Directions for this task:
Using the data that follows, report how many lines include "separate"; output no other text.

Web page caption snippets:

_ _ _

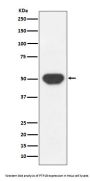 Anti-PTP1B PTPN1 Rabbit Monoclonal Antibody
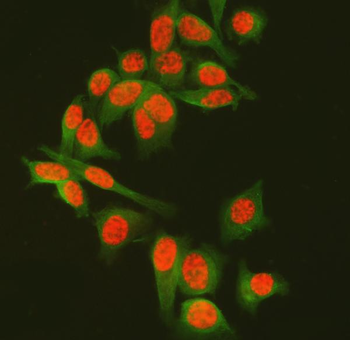 SF3A3 Rabbit Polyclonal Antibody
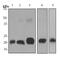 Ferritin Heavy Chain 1 antibody, ab75972, Abcam, Western Blot image 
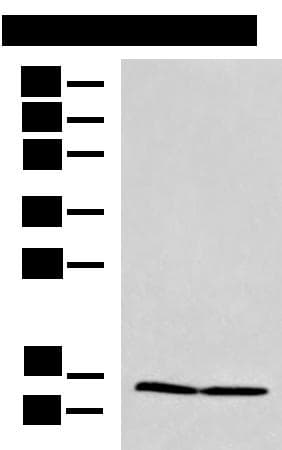 PAM16 Antibody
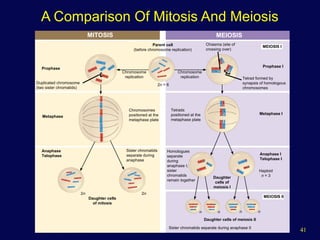 41
MITOSIS MEIOSIS
Prophase
Duplicated chromosome
(two sister chromatids)
Chromosome
replication
Chromosome
replication
Parent cell
(before chromosome replication)
Chiasma (site of
crossing over)
MEIOSIS I
Prophase I
Tetrad formed by
synapsis of homologous
chromosomes
Metaphase
Chromosomes
positioned at the
metaphase plate
Tetrads
positioned at the
metaphase plate
Metaphase I
Anaphase I
Telophase I
Haploid
n = 3
MEIOSIS II
Daughter
cells of
meiosis I
Homologues
separate
during
anaphase I;
sister
chromatids
remain together
Daughter cells of meiosis II
n n n n
Sister chromatids separate during anaphase II
Anaphase
Telophase
Sister chromatids
separate during
anaphase
2n 2n
Daughter cells
of mitosis
2n = 6
A Comparison Of Mitosis And Meiosis
 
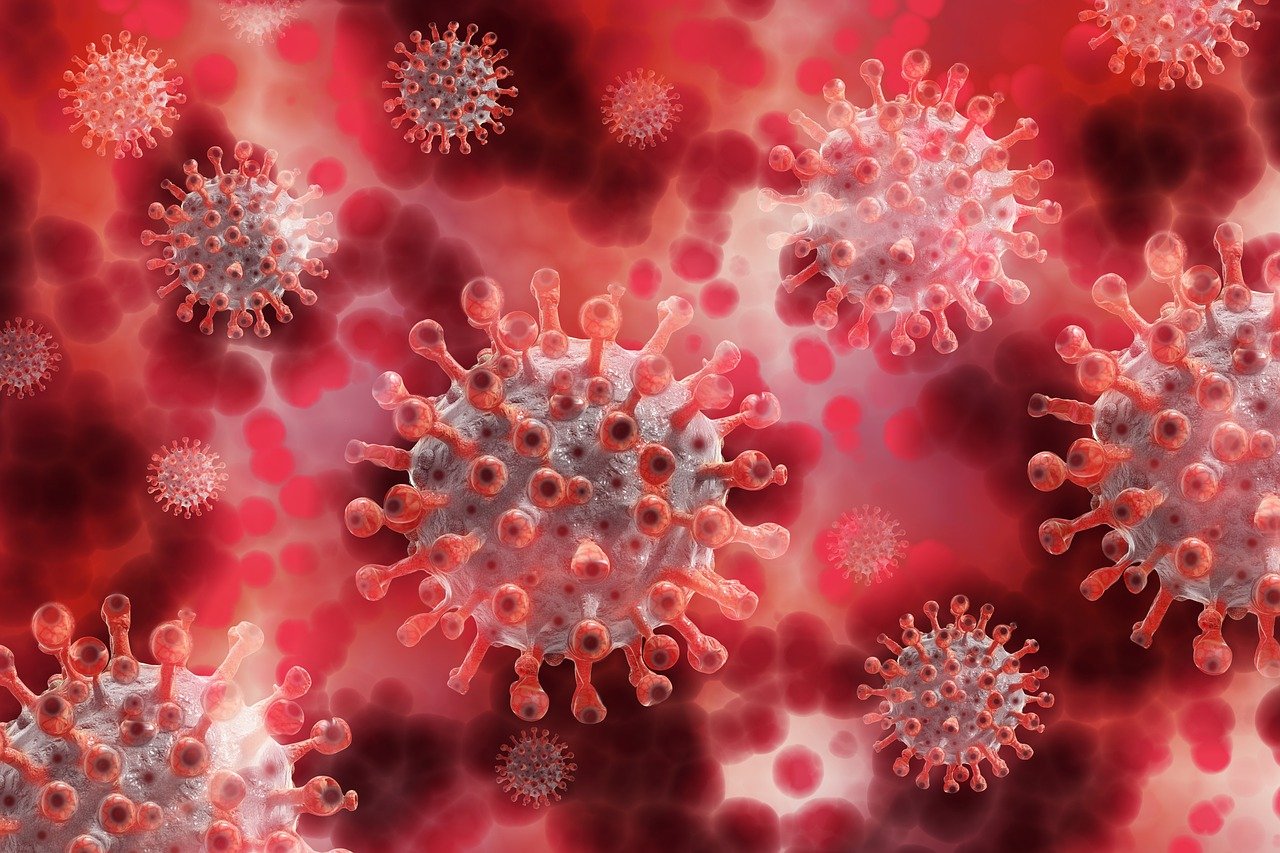El coronavirus se siente ‘particularmente atraído’ por el grupo sanguíneo A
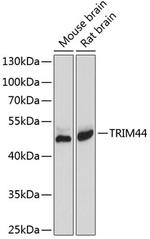 TRIM44 Polyclonal Antibody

_ _ _

The completed task:
3